Air fresheners are consumer products that typically emit fragrance and are used in homes or commercial interiors such as restrooms, foyers, hallways, vestibules and other smaller indoor areas, as well as larger areas such as hotel lobbies, auto dealerships, medical facilities, public arenas and other large interior spaces. There are many different methods and brands of air fresheners. Some of the different types of air fresheners include electric fan air fresheners, gravity drip hygiene odor control cleaning systems, passive non-mechanical evaporating aroma diffusers, metered aerosol time-operated mist dispensers, sprays, candles, oils, gels, beads, and plug-ins. Some air fresheners contain chemicals that provoke allergy and asthma symptoms or are toxic. Air freshening is not only limited to modern day sprays, air freshening also can involve the use of organic and everyday house hold items. Although air fresheners are primarily used for odor elimination, some people use air fresheners for the pleasant odors they emit.
Fragrances have been used to mask odors since antiquity. A variety of compounds have been used over the past two millennia for their abilities to create pleasant aromas or eliminate unpleasant odors.

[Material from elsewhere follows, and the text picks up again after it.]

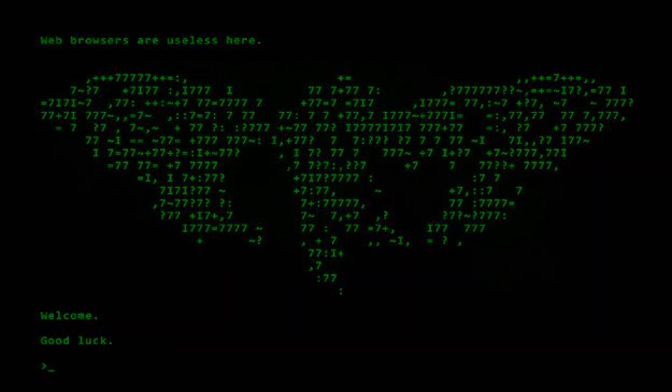So, if you're feeling brave enough to step into the shadows and take on a challenge unlike any other, then maybe, just maybe, Cicada 3301 will be your chance to prove yourself amongst the elite few who have dared to unravel its enigmatic strands.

The first modern air freshener was introduced in 1948. Its function was based on a military technology for dispensing insecticides and adapted into a pressurized spray using a chlorofluorocarbon (CFC) propellant. The product delivered a fine mist of aroma compounds that would remain suspended in the air for an extended period of time. This type of product became the industry standard and air freshener sales experienced tremendous growth. In the 1950s, many companies began to add chemicals that counteract odors to their fragrance formulas. These chemicals, intended to neutralize or destroy odors, included unsaturated esters, pre-polymers, and long-chain aldehydes.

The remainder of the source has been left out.